Gavito geçtiğimiz haziran ayında Senato Dış İlişkiler Komitesi önünde yaptığı açıklamada, Çin'le bağlantılı şirketlerin Libya'da bilgi ve iletişim teknolojileri sektöründe gösterdikleri derin başarılar konusunda uyarıda bulundu.

Infra Global Partners Vakfı danışmanı Jonathan Bass, Pekin'in Mareşal Halife Hafter'e verdiği desteğe işaret ederek, Çin'in daha önce eski Libya Başbakanı Fethi Başağa döneminde çok cazip koşullarla ülkenin güneyinde Libya altını çıkarma hakkını elde ettiğini söyledi.

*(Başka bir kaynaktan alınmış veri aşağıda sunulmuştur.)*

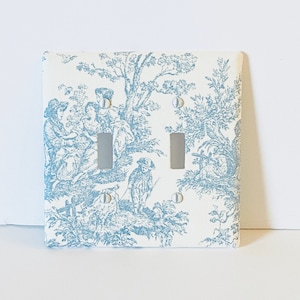 May include: A white light switch cover with a blue and white toile pattern featuring a pastoral scene. The switch cover has two toggle switches.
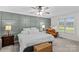 Calming primary bedroom with a gray accent wall, ceiling fan, and large windows at 4336 Hunter Rhyne Rd # 9, Lincolnton, NC 28092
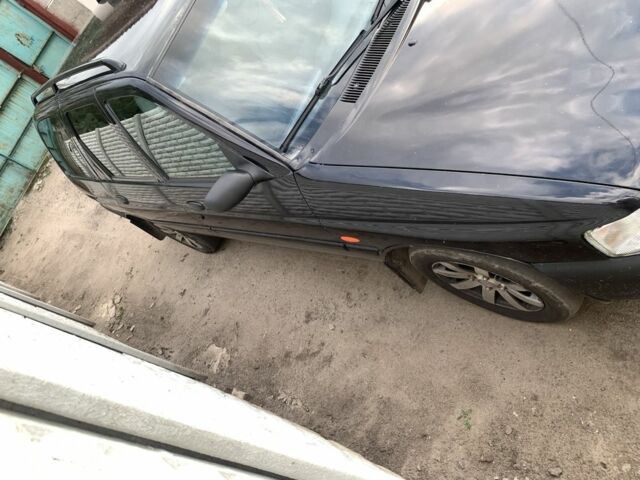 Чорний Форд Ескорт, об'ємом двигуна 1.8 л та пробігом 390 тис. км за 1550 $, фото 3 на Automoto.ua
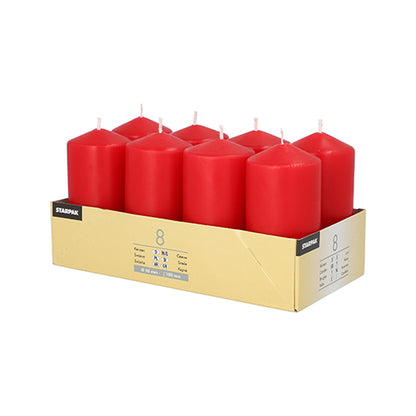 A box contains eight upright red Starpak pillar candles (Ø 50 mm, 100 mm) in two rows of four each. The label shows product information, the Starpak brand, and highlights the high-quality wax for a cozy atmosphere.
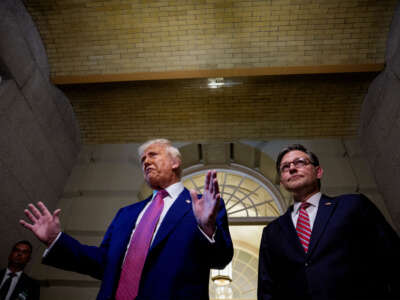 President Donald Trump, accompanied by Speaker of the House Mike Johnson (right), speaks to members of the media as he departs a House Republican meeting at the U.S. Capitol on May 20, 2025, in Washington, D.C.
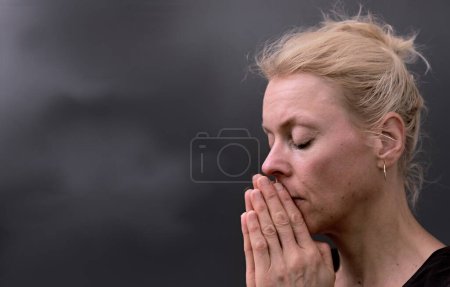 Foto de Mujer rezando a Dios con las manos juntas sobre fondo negro gris con la gente stock imagen de stock foto - Imagen libre de derechos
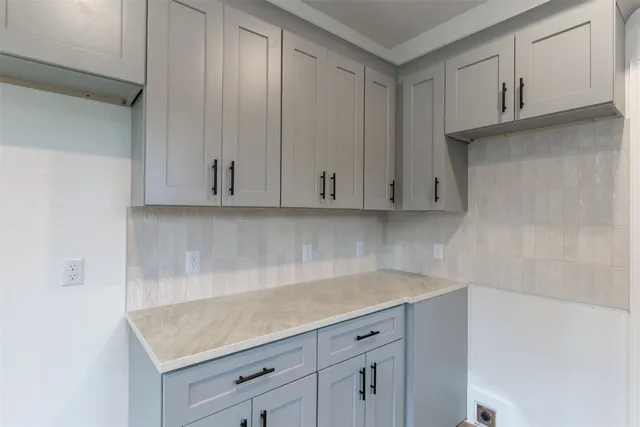 a view of cabinets with wooden cabinets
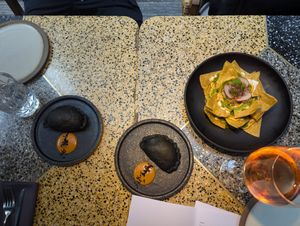 Empanadas y nachos at SACRO in Buenos Aires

Sahel bölgesinin son iki yılda Fransa'ya sadık bazı yerleşik rejimlerin devrilmesine tanık olması ve Rusya'nın yeni rejimlerin müttefiki olarak bölgeye müdahil olması da dikkat çekiyor.

Norland'ın Sebha'yı ziyaretinden bir gün sonra Rusya'nın Libya Büyükelçisi Aydar Aganin'in Rus askeri kamyonu Ural'ın direksiyonuna geçmesi ve Ural’ın Libya pazarına girişini kutlaması da önemli bir noktaydı.